In defense of sleep training

For the last 6 weeks, blogging has been the farthest thing from my mind.  It is not that I couldn’t find the time to write a post, I simply couldn’t gather my thoughts long enough to type anything that made sense. After Thanksgiving, Jax was still waking up every hour. On the dot. Then he became difficult to get back to sleep. Long gone were the days of him nursing right back to sleep. When I did get him back to sleep he was starting to really resist being put down at all. Not only that but putting him down for naps required an elaborate song and dance that resulted in maybe 15 minutes of sleep outside of my arms. Also, Jax does not take a bottle so I became the only person who could really get up with him at night.

In a perfect world, I would love to hold my baby all day and night. But after four months that kind of sleep deprivation finally caught up to me resulting in me collapsing on his floor about a week after Thanksgiving due to pure exhaustion. I am not being my usual dramatic self, it was a very scary moment and I am incredibly lucky I was not holding him at the time. I knew that this was the breaking point for me. Not only was I incredibly frustrated (despite really trying to cut him some slack) but I was also becoming ill and depressed from sleep deprivation. Something had to give.

Enter sleep training.

I did not come to this decison lightly nor did I start immediately. But in the end I came to this decision because I knew that he could handle it. He stopped crying as soon as I picked him up. He was clearly tired but completely lacked the ability to put himself to sleep.

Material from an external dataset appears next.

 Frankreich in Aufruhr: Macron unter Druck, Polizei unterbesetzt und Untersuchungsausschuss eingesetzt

The day I decided to start sleep training, I used some basic guidelines sent to me by my friend E. The method she suggested felt right for Jax and for me. I would put him down drowsy and check on him at different intervals of 3 minutes, 5 minutes, 7 minutes, etc. until he fell asleep. Naturally, there would be some crying but I wasn’t leaving him in his room for an hour to cry until he exhausted himself to sleep.

The first day was awful. I spent most of my time outside of his door, crying and e-mailing E and bombarding her with questions. I fed and changed him at his normal intervals and he didn’t nap until late afternoon but somehow he feel asleep on his own. And each day got easier and easier for him to fall asleep on his own. He spent less time crying and so did I. Over the course of two weeks he regressed here and there but in the end he figured how to soothe himself without crying. He now puts himself to sleep for 3, sometimes 4 naps a day and is sleeping far better at night. Well, let’s be honest anything is better than up every hour. Some nights are better than others but I am not super concerned about him sleeping through the night at 6 months old.

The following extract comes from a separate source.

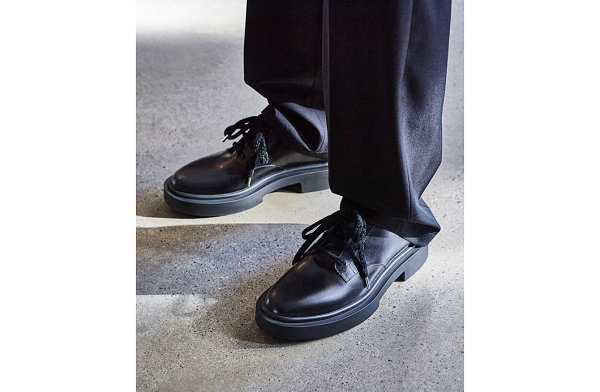 GiuseppeZanotti 全新纯黑系列男士鞋款公布，优雅从容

Not to sound like an infomercial for sleep training but I haven’t even mentioned the best part. I have never seen Jax more happy and content than he is today. And I am not the only one who notices it. Just about everyone who knows Jax has mentioned to me that he is a different baby. I know sleep training isn’t for everyone but in our case it was the right decision for our family. My baby is the healthiest and happiest I have ever seen and so am I. I feel more connected to my son than ever. Life is good. Life is very, very good.